On my way to work, I tend to listen to WTOP or Hot 99.5's Kane Show. I like them for different reasons, but I appreciate the personalities on the Kane show for their authenticity. Often they bring up articles or situations and ask what people think. The answers are interesting and give you something to ponder.
Today, a topic recently addressed in our household came up and the answers were startling to me.
Situation: You go to the vending machine and find that something in the change cup is broken, so people's change is getting caught. If you jiggle it, the money falls down and you can go on your way. If you don't know it's broken, you may think your change is lost in the machine. So, let's say you know this:
Do you tell anyone?
Do you take the extra change in the cup?
Do you think an employer that catches an employee doing this has grounds to fire them for lack of moral judgement? (See this article in Huffington Post for example)
Kane's argument was that it's bad karma to take what isn't yours and everyone teased him about it. They said if it's only a little change, what's the big deal. The callers seemed to agree. The only caveat being, you might tell someone the machine was broken. Might.
I was, frankly, appalled.
Does no one look at things from the other side of the fence? We've all been there. We've been the person whose drink or snack doesn't come out of the machine - the next person gets to enjoy two on our dime. Sometimes, it's your last dime or your only meal that day. Perhaps it's one more negative event in your life or worse, the one that sends you over the edge that day. Maybe you report your lost change or food, or even go back hoping to find it.
I'm pleased to say in our building you'll often see a can or bag sitting atop the machine waiting for its lost owner. Sometimes there will be a dime and a nickel perched on the edge for someone to come back and claim. I think that's awesome. I personally think that's the right choice.

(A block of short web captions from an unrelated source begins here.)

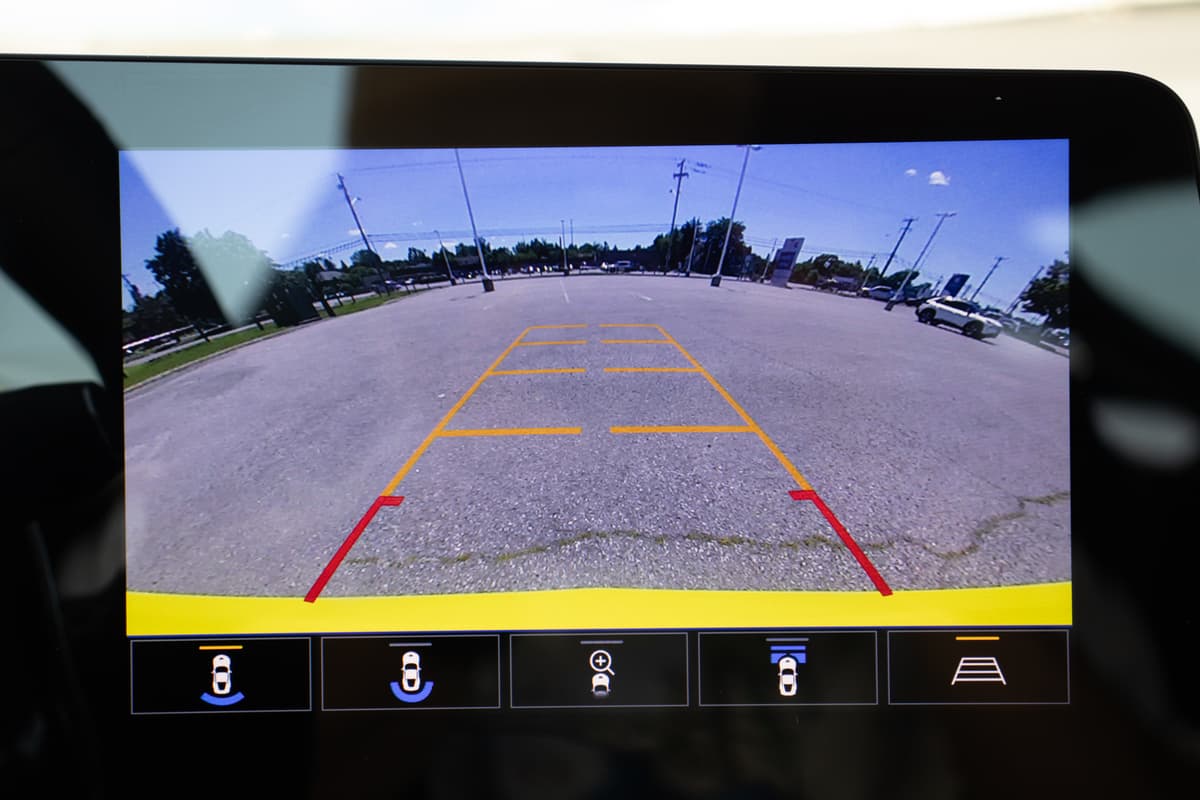 Back up camera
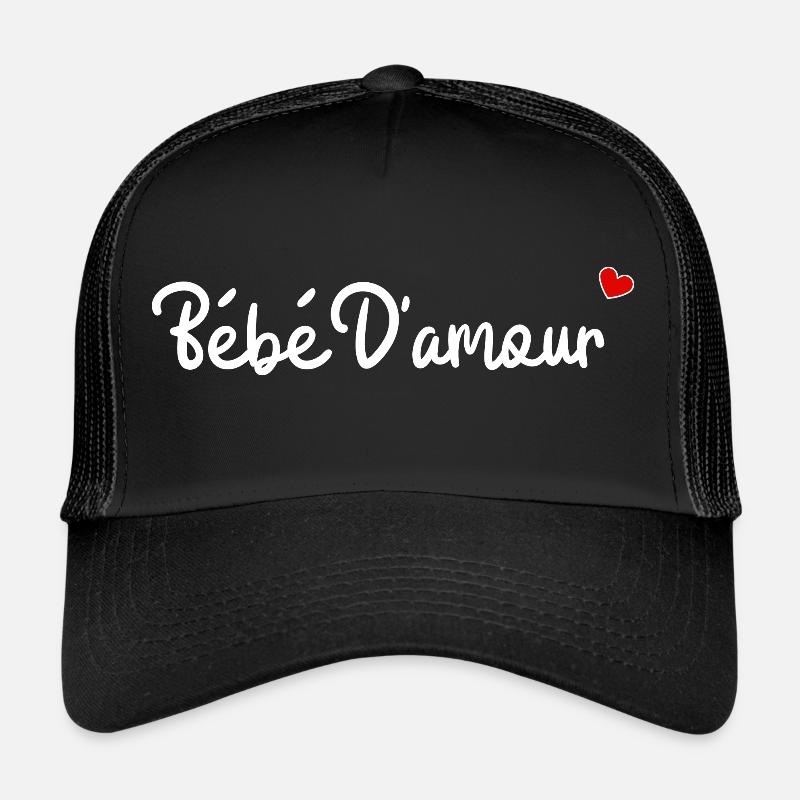 Bébé d'amour Casquette trucker 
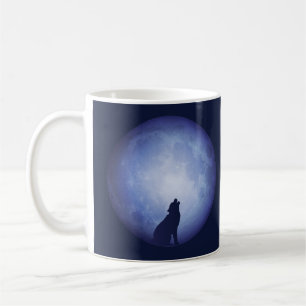 Tasse de café éclairée par la lune des nuits II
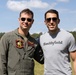 NASCAR driver takes flight with 2nd MAW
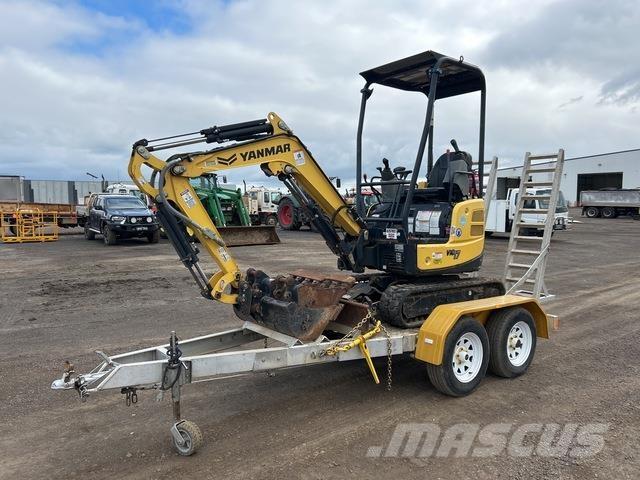 Yanmar ViO17-1 Mini bageri <7t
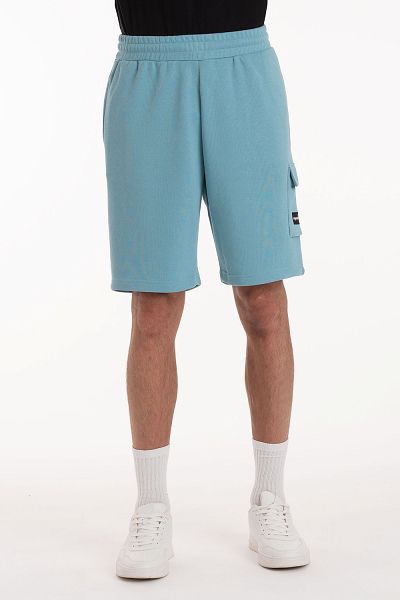 MEN'S CARGO FLEECE SHORTS - 22013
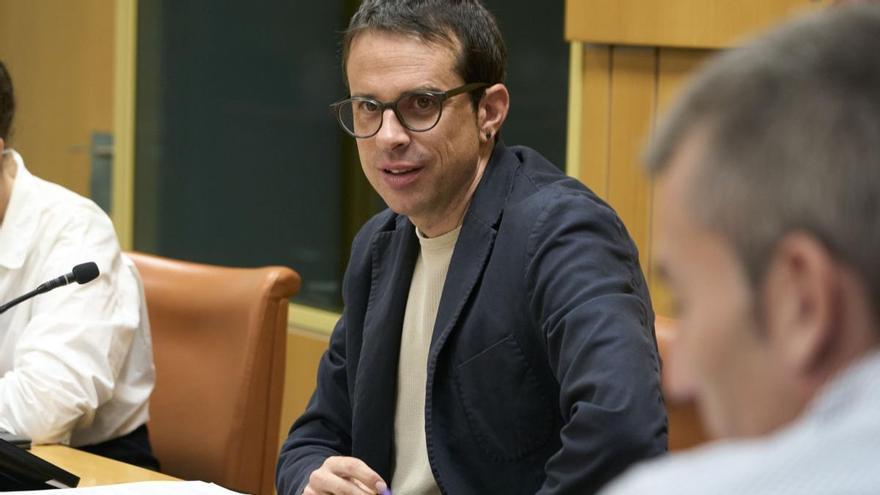 Otxandiano presiona con el estatus mientras ofrece pactos “parciales” en políticas públicas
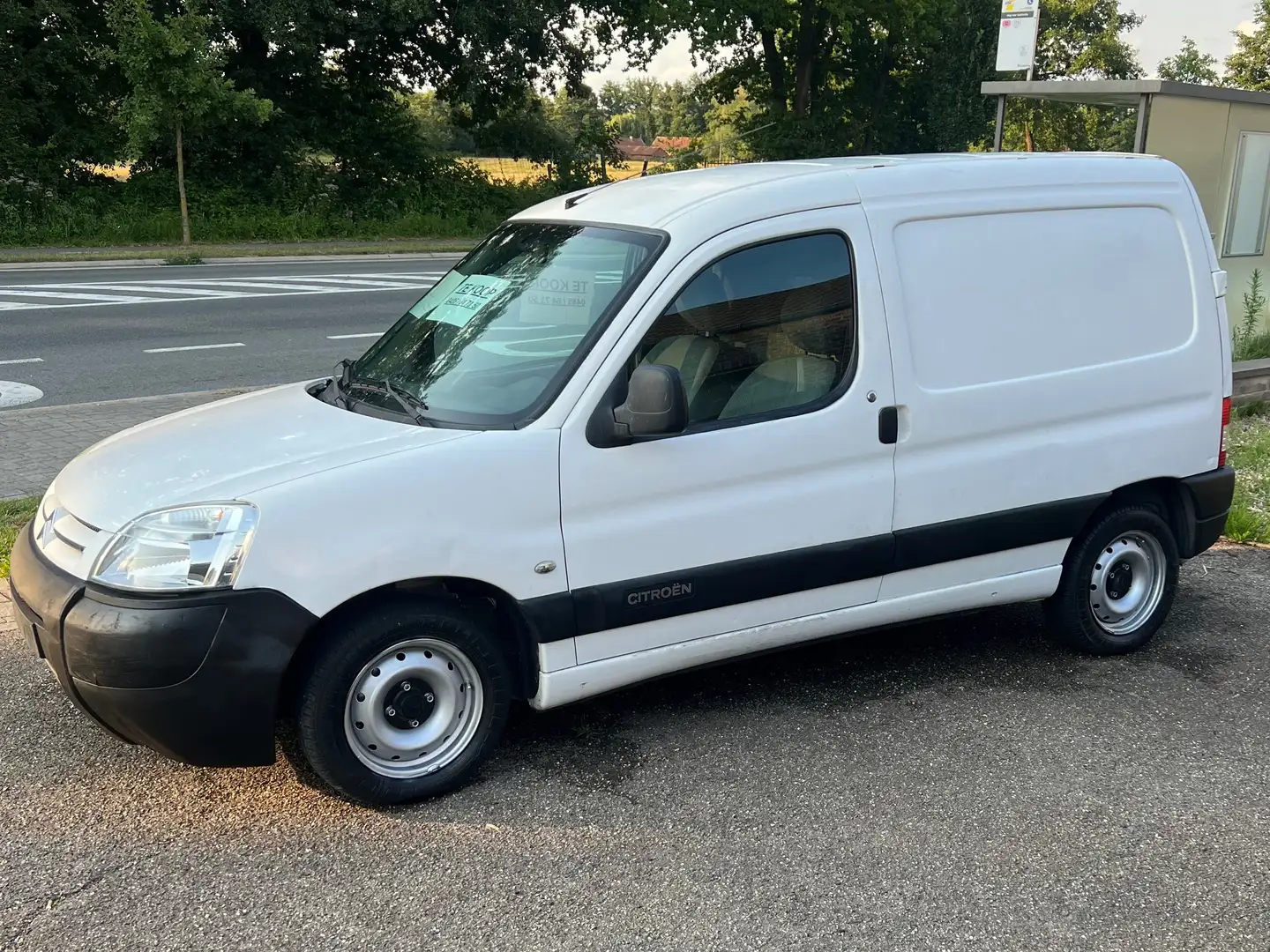 Citroen Berlingo Berlingo 800 1.9 D CD-Paket Blanco - 2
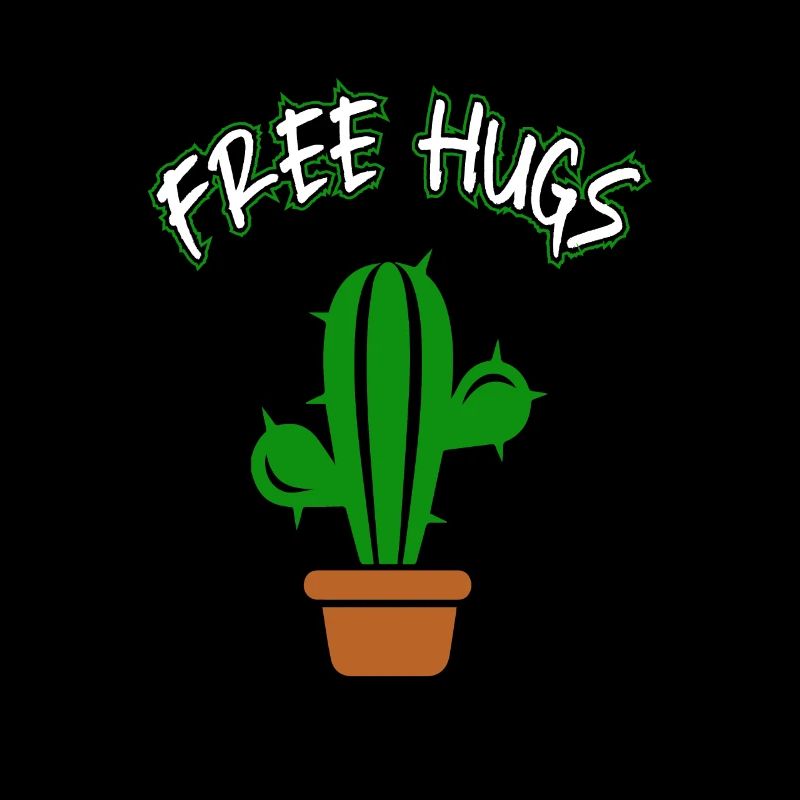 Cactus Free Hugs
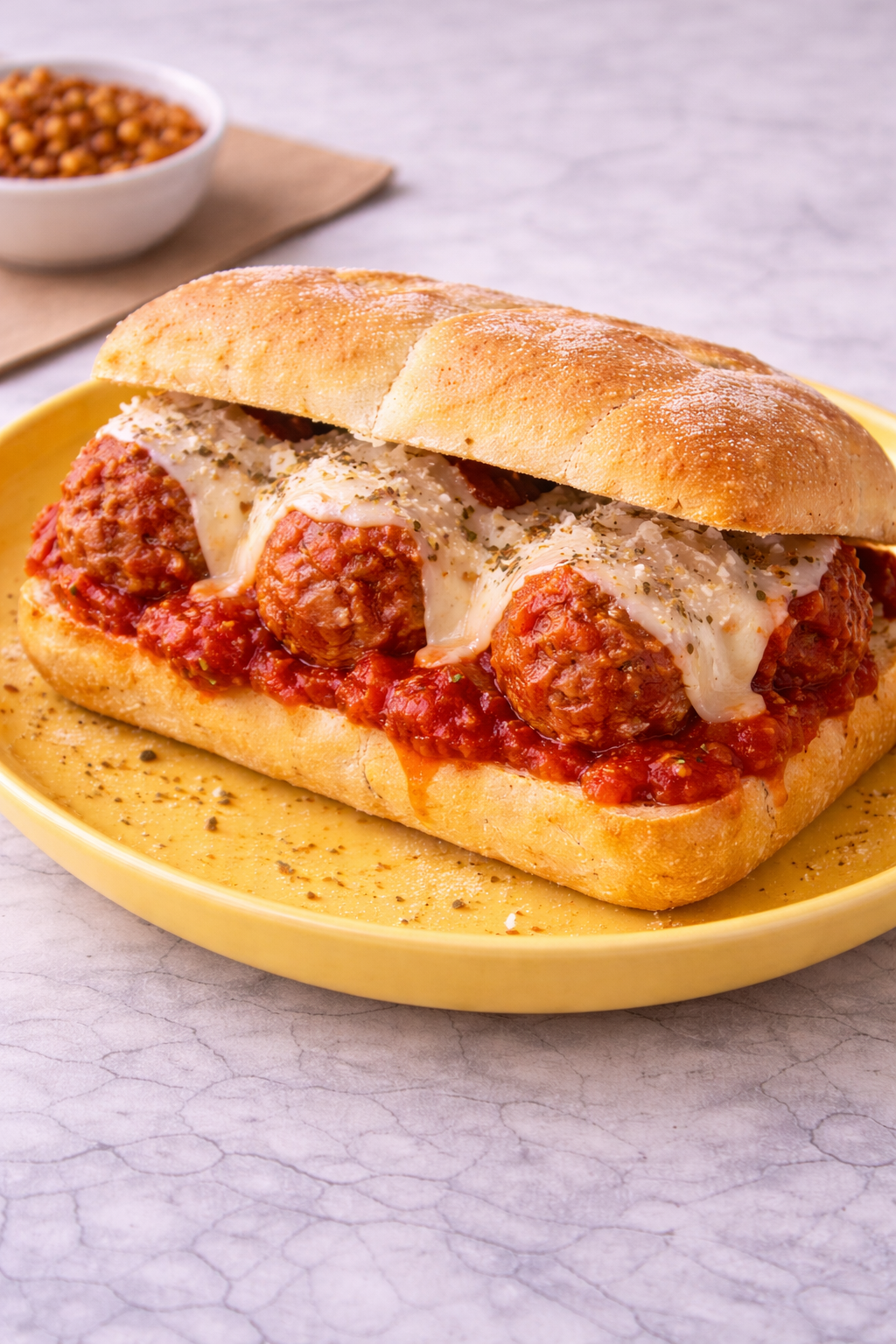 Meatball Grinder.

It's not always convenient or even "fair" to do the right thing. We are all human and will sometimes fail to do the right thing, even with the best of intentions - but generally speaking teaching our future generations learning by our actions is an important thing. My stepson and I discussed the above situation. He, like many of the callers, didn't see the problem with taking the change. It's not stealing, right?
Wrong. If that isn't your money, it's not your money. Taking it from the machine when you know it was someone else's, regardless of knowing WHO it belonged to, is stealing. If you start taking the small stuff, you lose that sense of personal accountability and it gets easier to take the big stuff.
When you ask yourself how whole industries could be ok taking advantage of other people (see: mortgage, insurance, wall street, etc.) - this is how it begins. A sense that you are entitled to whatever you can get, regardless of how you got it.
What happened to honor? Where did the pride in doing the right thing for the sake of doing the right thing go?
This topic will come up in later posts, I assure you, because entitlement in general is so pervasive in our society that it intrudes everywhere. It's something we need to be aware of while making a conscious choice to erode it. You have rights, that's true - but your rights don't get to supercede that of everyone else.
Of course, this is my opinion... discuss amongst yourselves (or in comments).